But there is no excellence without great labor. Perseverance means hard, continuous work. Incessant practice is necessary in order to be a skilled pianist. Handel, the great composer, had a harpsichord, every key of which, by continuous use, was hollowed like the bowl of a spoon. Gibbon was at work the year around at six in the morning, and revised some of his manuscript nine times. Ainsworth toiled for years compiling a dictionary of the Latin language. When it was nearly completed, his wife committed it to the flames. With persevering energy he began to rewrite it, and finally accomplished the work. Audubon toiled for years in securing accurate representations of American birds, all of which were destroyed in one night by two rats. With commendable perseverance he took up his gun, pencil, and notebook, and went again into the woods, and in three years filled his portfolio again. When Carlyle had finished his first volume of the French Revolution, he lent it to a friend, whose servant by mistake threw it into the fire. Carlyle set to work, and, in a comparatively short time, reproduced it in its present form. Matthew Hale, when studying law, put in sixteen hours each day; and Heyne, the German classicist, shelled peas for dinner with one hand while he annotated Tibullus with the other.

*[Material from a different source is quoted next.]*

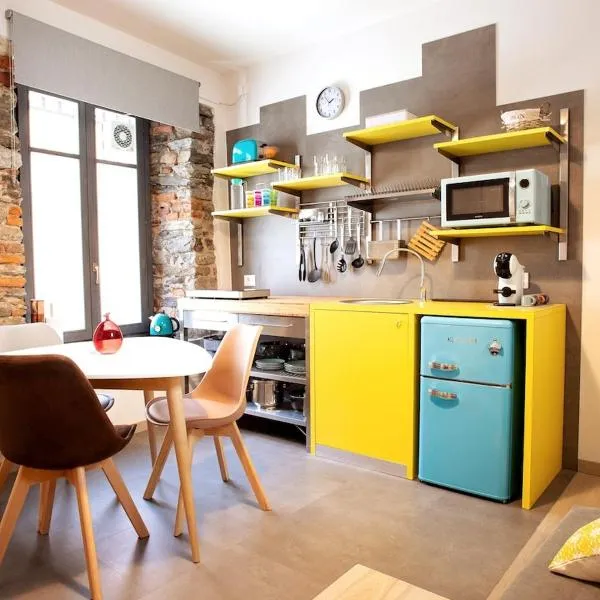 Baby Art Apartment, hotel v destinaci Arona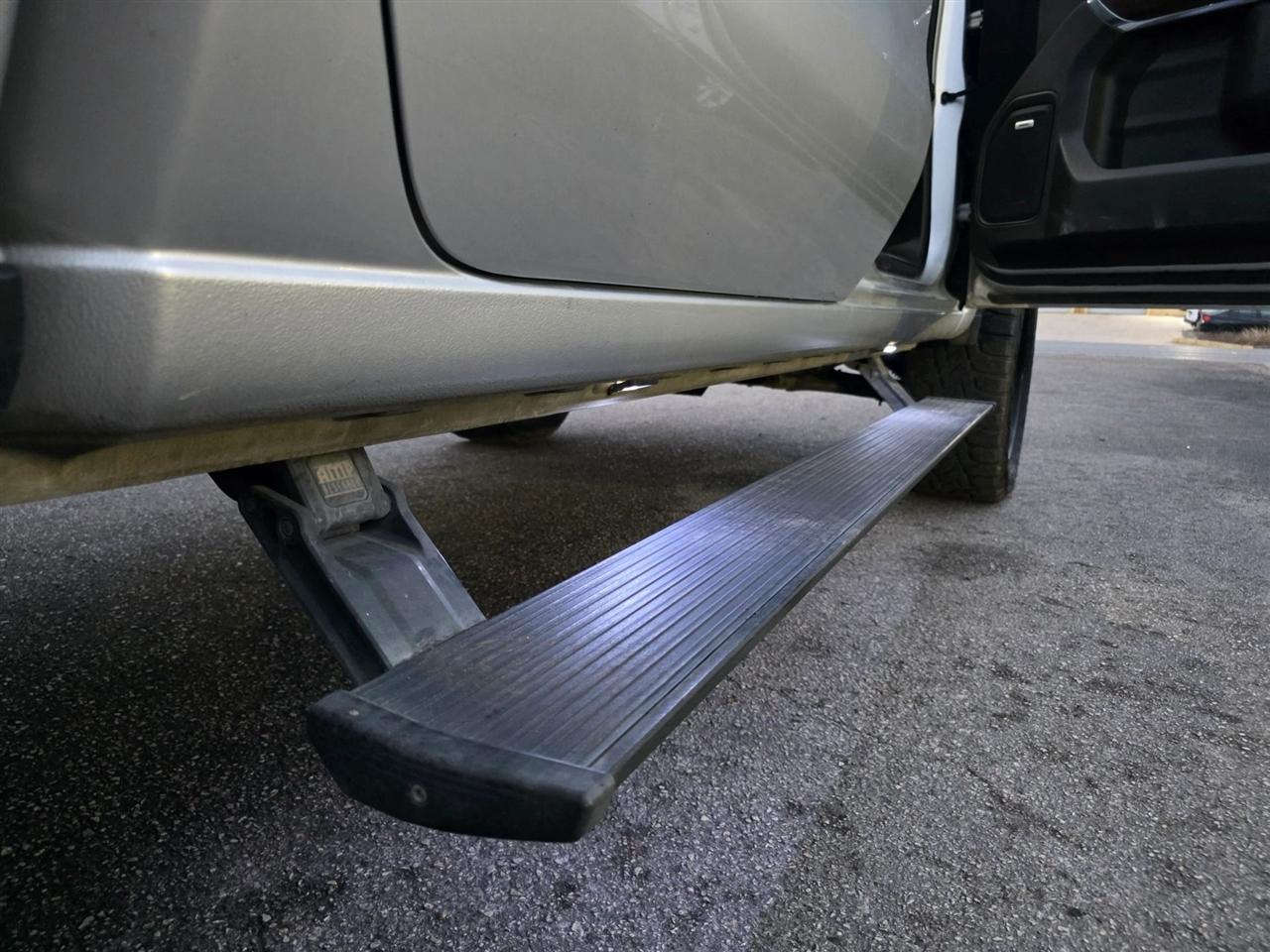 GMC Sierra 1500 4WD Crew Cab 147" SLT 2019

Mr. Mathews, to whom we are indebted for some of the above facts, truly says that “there never was a time in the history of the world when success in any profession demanded harder or more increased labor than now.” We must hammer out a place for ourselves by sturdy blows. The world is a throng; the only place that is not crowded is at the top of the ladder. We must climb up.

If perseverance is so necessary in worldly matters, how much more is it necessary in the Christian race. Said Paul, “This one thing I do” (Philippians 3:13). We must perseveringly strive for the crown of immortality that lies at the end of the race. It is worth the effort; for it will never fade. It will be given to none but the overcomers.